WORK TO COMPLETE:
Write out, with no changes, every line starting at the one that contains "Facebook oversight panel" and ending at the last line of the data below. Leave pictures out.

[Short web captions]

* * *

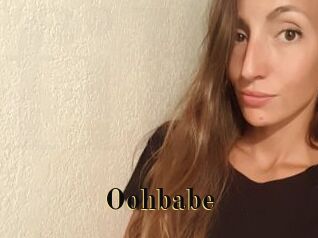 Oohbabe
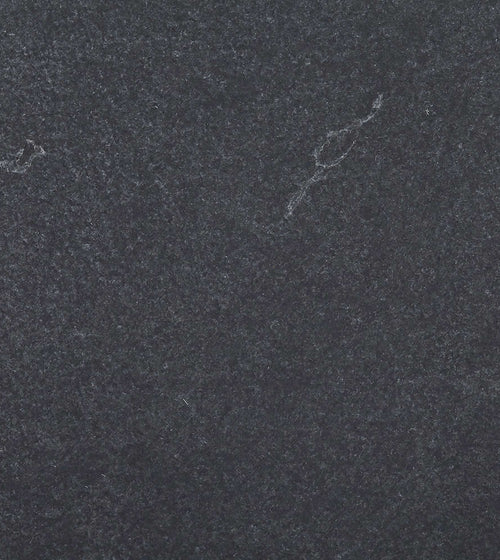 Urban Slate 40 x 40 Black/Grey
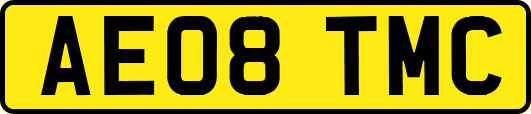 AE08TMC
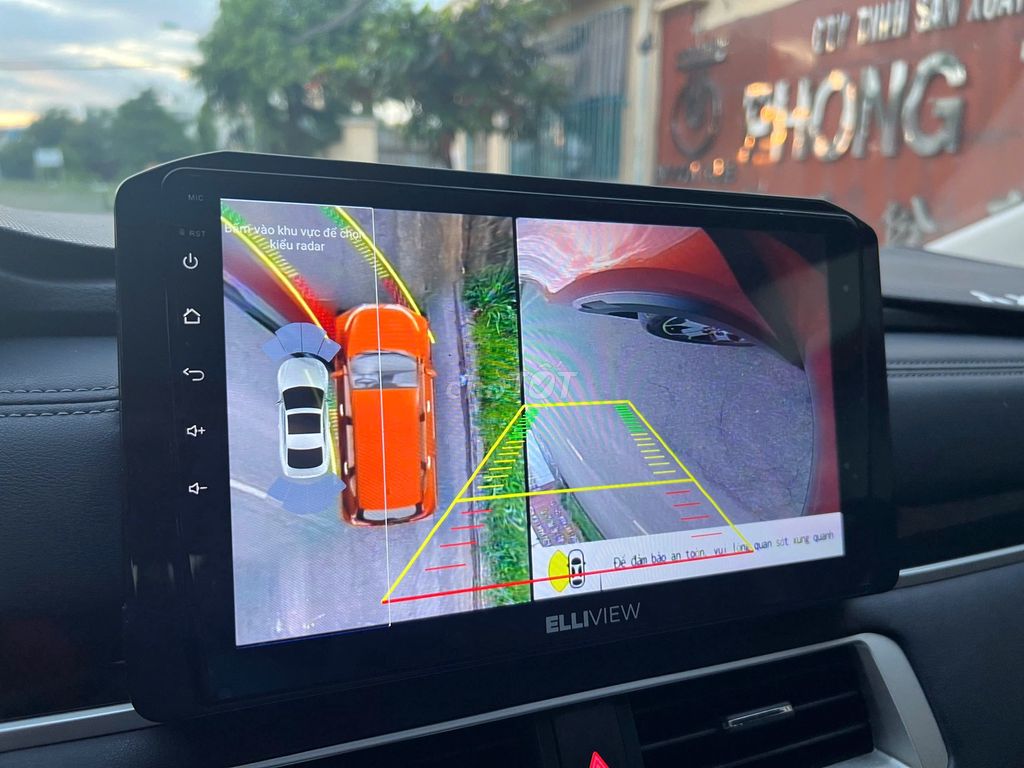 📞XPANDER CROSS 2022📞CÓ HỖ TRỢ BANK LS ƯU ĐÃI📞. Mua bán Ô tô tại Quận 12 Tp Hồ Chí Minh được đăng bởi Mymy Mitsubishi Trường Chinh hình 3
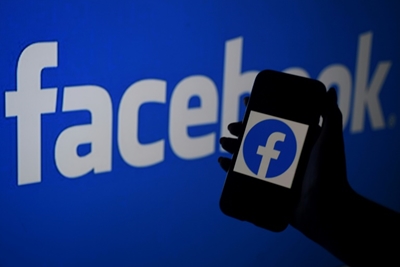 Facebook oversight panel will now review takedown requests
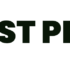 Post Planner Starter Plan – Affordable Social Media Scheduling for Small Creators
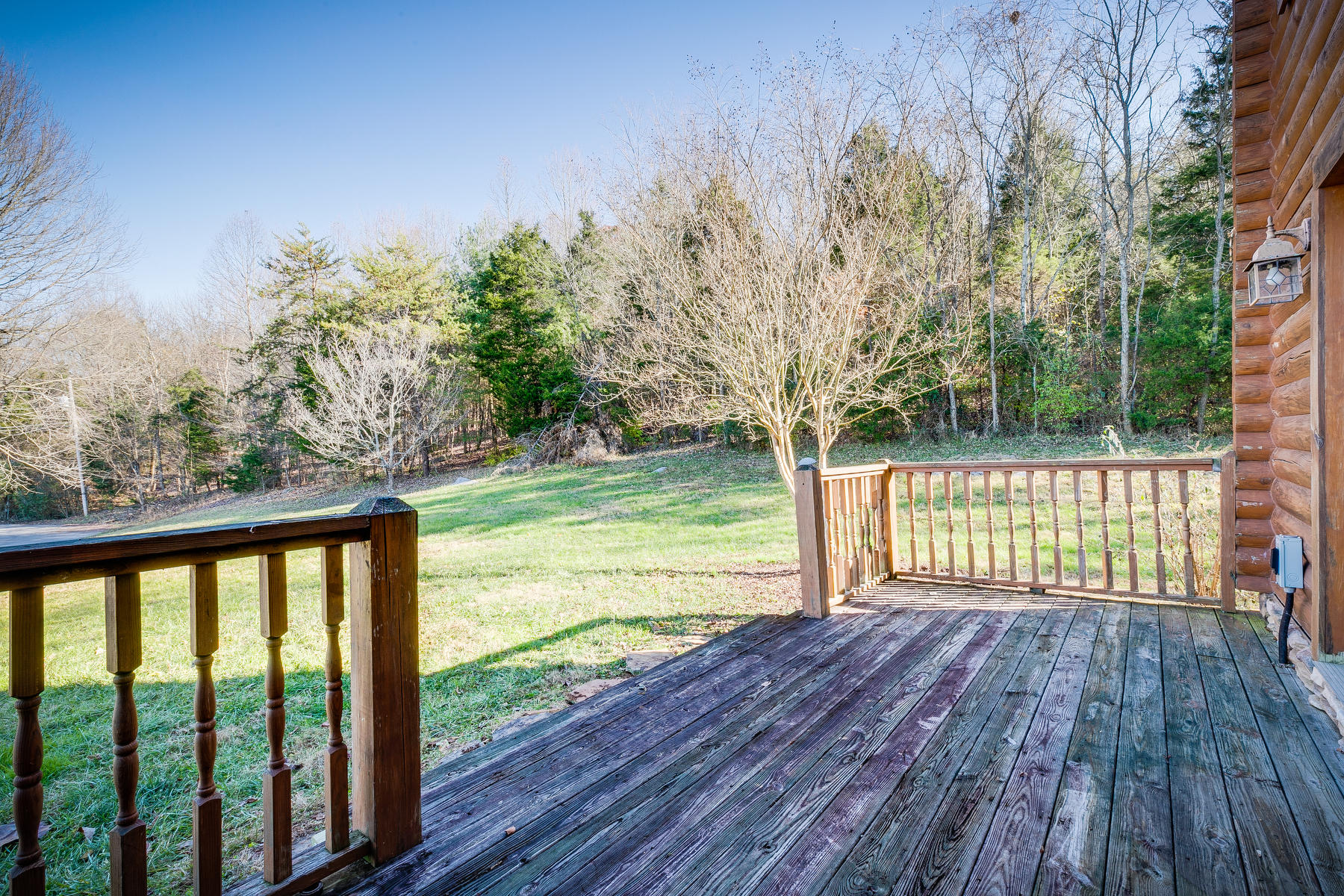 4100 Timberlake Road Johnson City, TN 37601 - Photo 54 of 54 151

* * *

ANSWER TO THIS TASK:
 Facebook oversight panel will now review takedown requests
 Post Planner Starter Plan – Affordable Social Media Scheduling for Small Creators
 4100 Timberlake Road Johnson City, TN 37601 - Photo 54 of 54 151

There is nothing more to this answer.